The Sky and The Clouds

I’ve finally decided that I want to get a tattoo. I know where I want it, what I want, and when I want to get it. I want a line drawing of a cloud, I want it on my wrist and I want to get it this spring. But there’s a little bit of a backstory to this, and I want to share it with you today. I believe it’s important and although it does get some attention from the media, I think it’s important that everyone shares their experience so that no mother feels alone in what she’s feeling.

I have postpartum depression. It started pretty much as soon as I got home from the hospital, but I brushed it off as “the baby blues” like most people do during the first six weeks. At week seven I felt something was off. I would become increasingly frustrated with Baby during the day, angry even. When Husband got home and I would take a shower alone, I would sit in the shower floor and cry, unsure of why I felt this way; Why I felt so inadequate as a mother. He was almost constantly miserable due to a lactose sensitivity, colicky and bloated after eating every time. It was hard on me and it slowly began to manifest as I allowed my anxiety to wear me down until I really couldn’t hold it together anymore. I cried to my husband, saying I thought it was time to call the doctor. I didn’t want to get help, but I knew I needed it.

The on-call doctor I spoke to was understanding, nice even. She sent a prescription to Walgreens immediately, and told me to start with a full dose right away. At this point, I was still breastfeeding, and clinging so desperately to it as my last “natural” connection to my son, who I felt was somehow not really mine. As if he belonged to someone else, and I wasn’t fit to be his mother. I continued to breastfeed the first week I took the Prozac, but just as the doctor said, Baby started to be unusually drowsy. It wasn’t good for him. His tummy always hurt. He was always constipated. It was time to give it up.

We quit cold turkey. Thankfully, we had been giving him bottles about once a day since I was pumping, so he took to the formula just fine. No adverse reactions whatsoever. His body knew he needed it. Finally, he was happy. A whole new baby. Gaining weight, growing tall, always smiling. He was better. I was not.

The first two weeks waiting for the Prozac to start working were very difficult, but I knew good was coming at the end of it. It did help. But not enough. I was still irritated with Baby for no reason. He cried so much less now, but I would still be tempted to yell at him when he did, it frustrated me to no end. I dealt with it though, waiting the whole six weeks to make sure I got the majority of the effect. It still wasn’t enough though. I needed a higher dose.

My amazing OBGYN moved my dose to 40mg, and almost immediately I felt such a huge difference. I could sleep, and eat, and function without anxiety. I could get out of bed. I could cook and clean and love on my beautiful baby without the feelings of rage when he cried. I was me again. And I was so happy.

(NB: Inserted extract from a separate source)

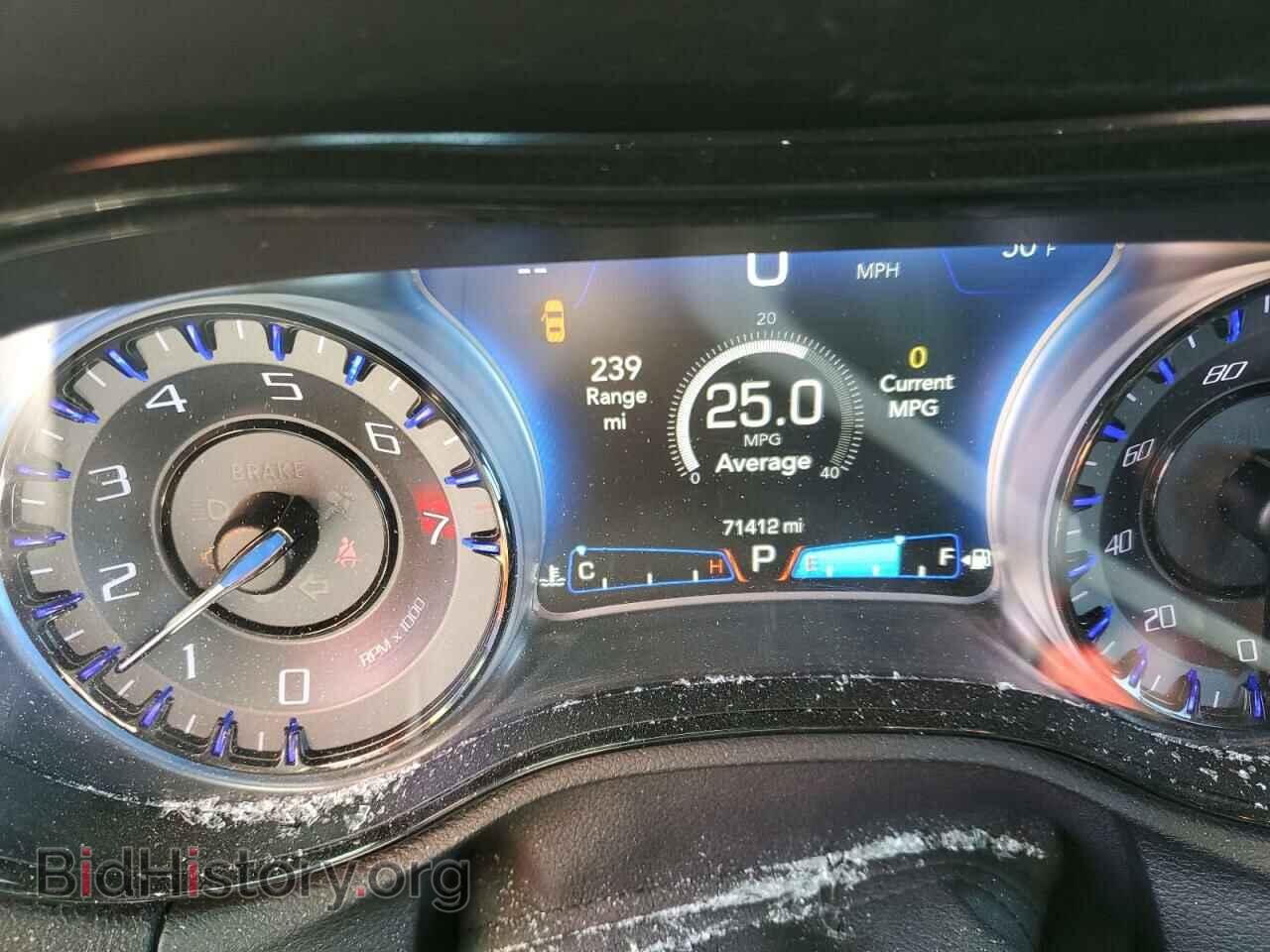 2017 CHRYSLER 300 - VIN: 2C3CCABG3HH616193 - Фото 9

My postpartum depression was textbook. Nothing really special, normal symptoms in a normal time frame. I didn’t know what to look for though. And if I had, I could’ve made better decisions earlier. I was sad. I cried often, sometimes four times a day on separate occasions. I felt alone, even though we were living with my in-laws and I could’ve asked for help at any time. I felt like no one else could take care of him, but also knew that I couldn’t do the best job of it either. I was mad at my husband. Mad that he didn’t understand, that he was being insensitive. And finally I was ragey. I had this anger for my child that I couldn’t explain. He didn’t cry all that much, but when he did, I would get frustrated and overwhelmed. My pulse would skyrocket, I would get hot and confused, and sometimes I would yell at him, even though I knew it wouldn’t do any good. He was a burden in my mind, and I couldn’t just hand him off because he was mine.

Now that beautiful baby boy is 7 months old. I still take my Prozac every day, and on the few occasions that I’ve missed a dose, I’ve regretted it dearly. I still very much need it to feel like myself, but I have high hopes that I’ll be able to go without it by this spring. I don’t want to need it forever, but I’m glad for its existence. It gave me back my motherhood, and I needed that desperately.

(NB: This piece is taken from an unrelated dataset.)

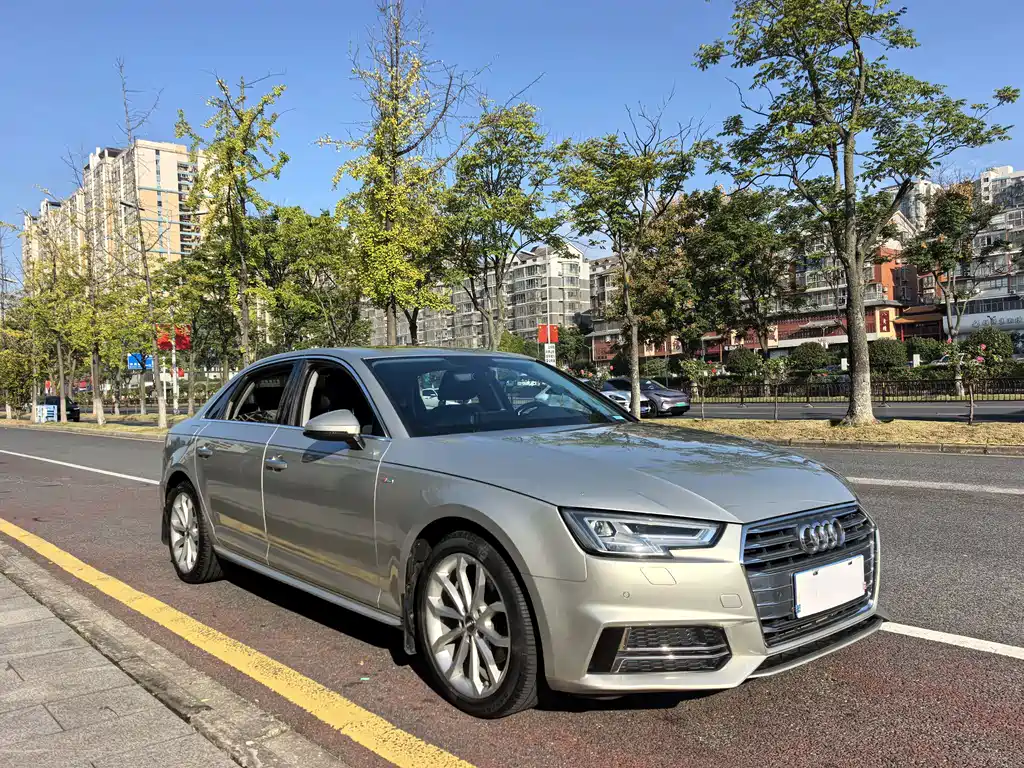 Audi A4L — фото 3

Now for the tattoo. Imagine that you are the sky. Imagine that depression is a cloud. Sometimes, the sky is full of clouds. Sometimes, there are just a few clouds that don’t really obstruct your view at all. Sometimes, there are no clouds. The biggest thing you have to remember is that clouds come, and clouds go. They are not permanent. Only the sky is permanent. The sky is not defined by the clouds, and you are not defined by your depression or your anxiety or your anger. You are you. You are affected by these things, but they are not you.

You are the sky. Clouds will come and go. But you are permanent.

And that, my friends, is my story. I hope it brings healing or understanding to another person whose life is affected by this same cloudiness.

In the meantime, live long and prosper. And please, pretty please, vote.